Superconductivity is a special state of matter where electrical current can flow through a material with zero resistance, enabling perfect electronic transport efficiency. Power electromagnets use superconductors for technologies like magnetic resonance imaging, particle accelerators, fusion reactors, and levitating trains.
They’re also crucial for advancements in quantum computing. Unlike traditional semiconductors in electronics that generate heat due to resistance, superconductors operate at extremely low temperatures, making them impractical for everyday devices but valuable for large-scale industrial applications.
Scientists led by Jiun-Haw Chu, a University of Washington associate professor of physics and Clean Energy Institute researcher, and Philip Ryan, a physicist at the U.S. Department of Energy’s Argonne National Laboratory, examined an unusual superconducting material with exceptional tunability.

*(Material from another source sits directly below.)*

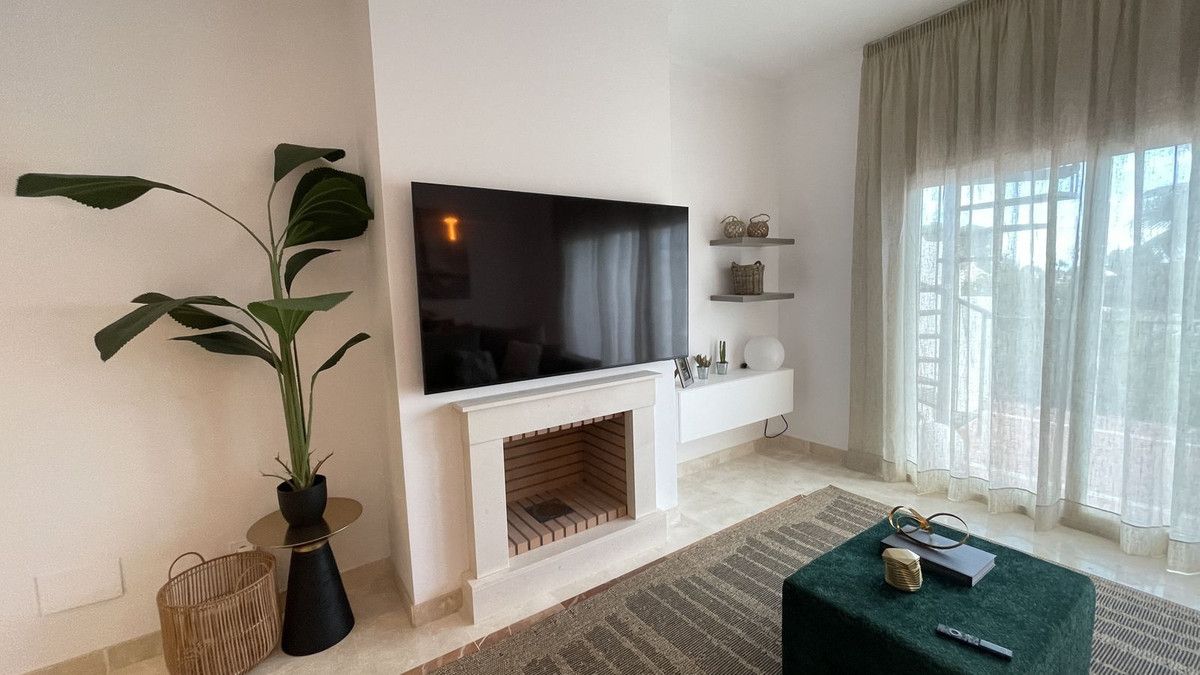 Mittelgeschoss-Apartment in El Paraiso, El Paraiso, 7/12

This new material is uniquely sensitive to outside stimuli, enabling the superconducting properties to be enhanced or suppressed at will. This discovery could help new opportunities for switchable, energy-efficient superconducting circuits.
This crystal comprises superconducting iron, cobalt, and arsenic atoms layered between flat sheets of ferromagnetic europium atoms. According to Sanchez, it is uncommon to find ferromagnetism and superconductivity combined in nature because they are typically overpowering in one over the other.

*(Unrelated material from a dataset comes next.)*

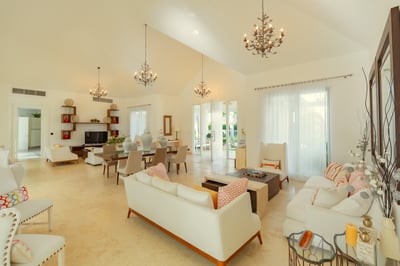 Luxury Villa Photo #26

The interaction between superconducting layers and magnetic fields from surrounding europium atoms can compromise superconductivity, leading to a finite electrical resistance. To delve into this interaction, Sanchez spent a year at the Advanced Photon Source, a leading X-ray light source. Collaborating with physicists, he developed a platform to comprehensively characterize complex materials, allowing microscopic exploration of the intricate details involved in this phenomenon.
Sanchez and his team utilized X-ray techniques to demonstrate that applying a magnetic field to the crystal can align europium magnetic field lines parallel to the superconducting layers. This alignment eliminates their antagonistic effects, facilitating the emergence of a zero-resistance state. Through electrical measurements and X-ray scattering techniques, scientists verified their ability to control the material’s behavior in response to these conditions.

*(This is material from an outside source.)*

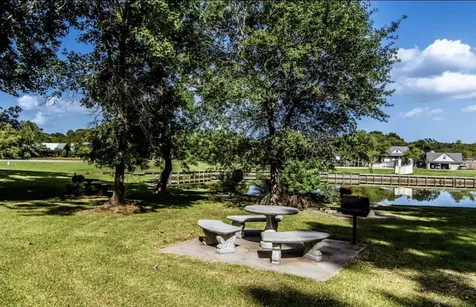 1 Wild Forest Court Huntsville TX 77340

Ryan said, “The nature of independent parameters controlling superconductivity is quite fascinating, as one could map out a complete method of controlling this effect. This potential posits several fascinating ideas, including the ability to regulate field sensitivity for quantum devices.”
The research team discovered that applying stresses to the crystal yielded intriguing outcomes. They observed that superconductivity could be enhanced sufficiently to overcome magnetism, even without reorienting the magnetic field. Conversely, the material’s sensitivity to magnetism could be diminished because magnetic reorientation failed to induce the zero-resistance state. This added parameter provides the ability to control and tailor the material’s responsiveness to magnetism.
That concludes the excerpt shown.